• ACTIVITY:
Exact copies of all the lines below are needed, without the pictures.

• SUPPLIED MATERIAL:
--

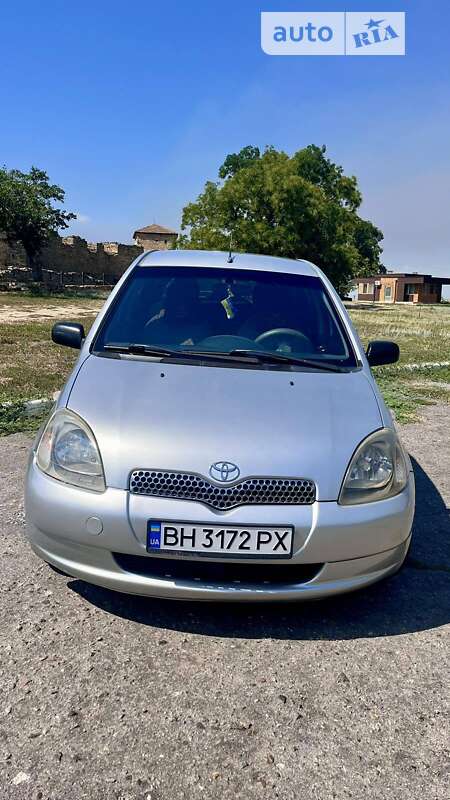 2001 toyota yaris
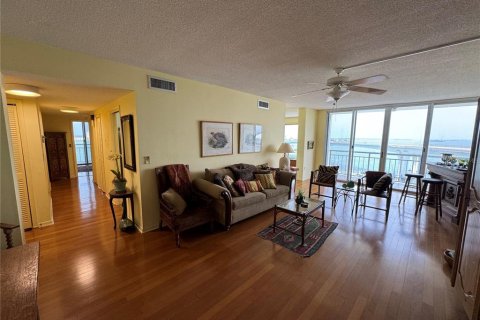 Condominio en venta en Clearwater, Florida, 2 dormitorios, 137.4 m2 № 1876173 - foto 10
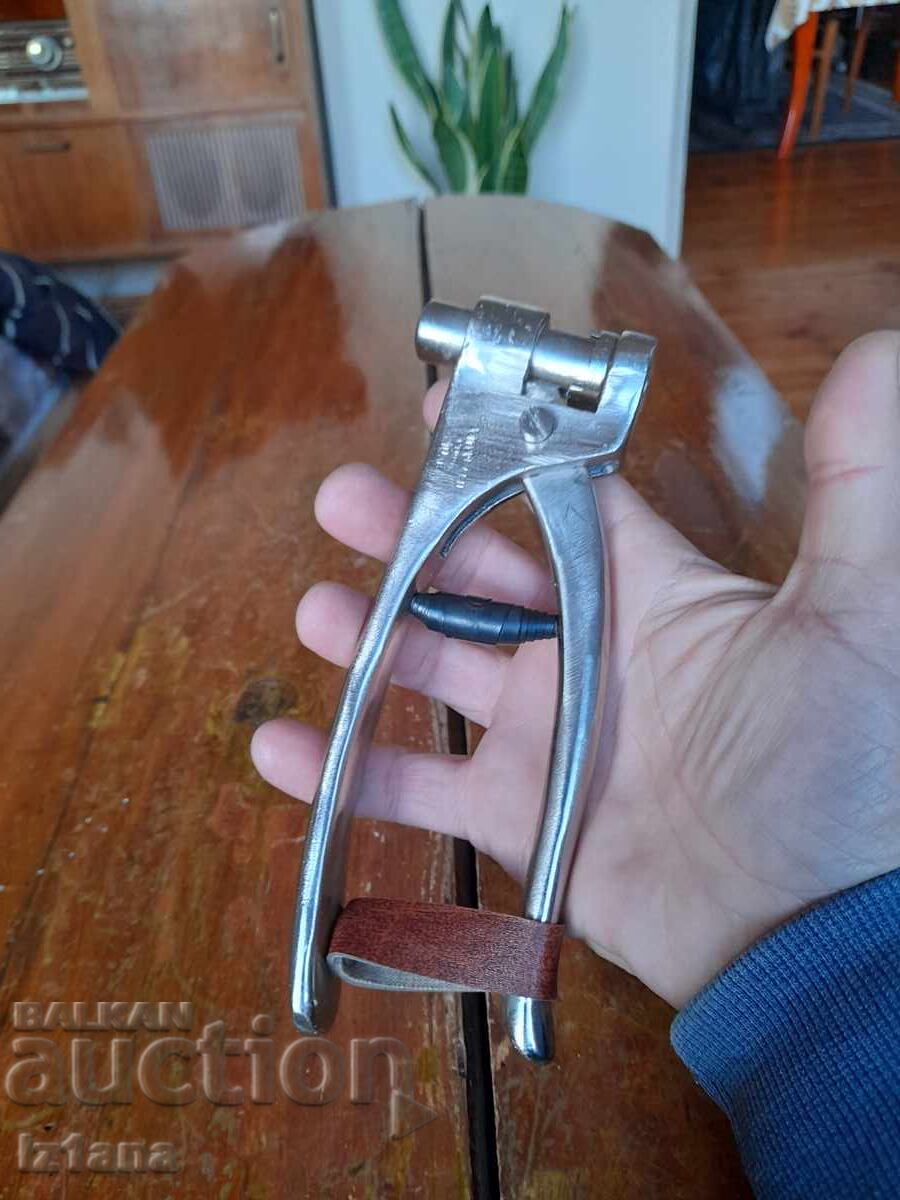 Old sealing pliers with price 55.00 BGN | € 28.12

--

• SOLVED EXERCISE:
 2001 toyota yaris
 Condominio en venta en Clearwater, Florida, 2 dormitorios, 137.4 m2 № 1876173 - foto 10
 Old sealing pliers with price 55.00 BGN | € 28.12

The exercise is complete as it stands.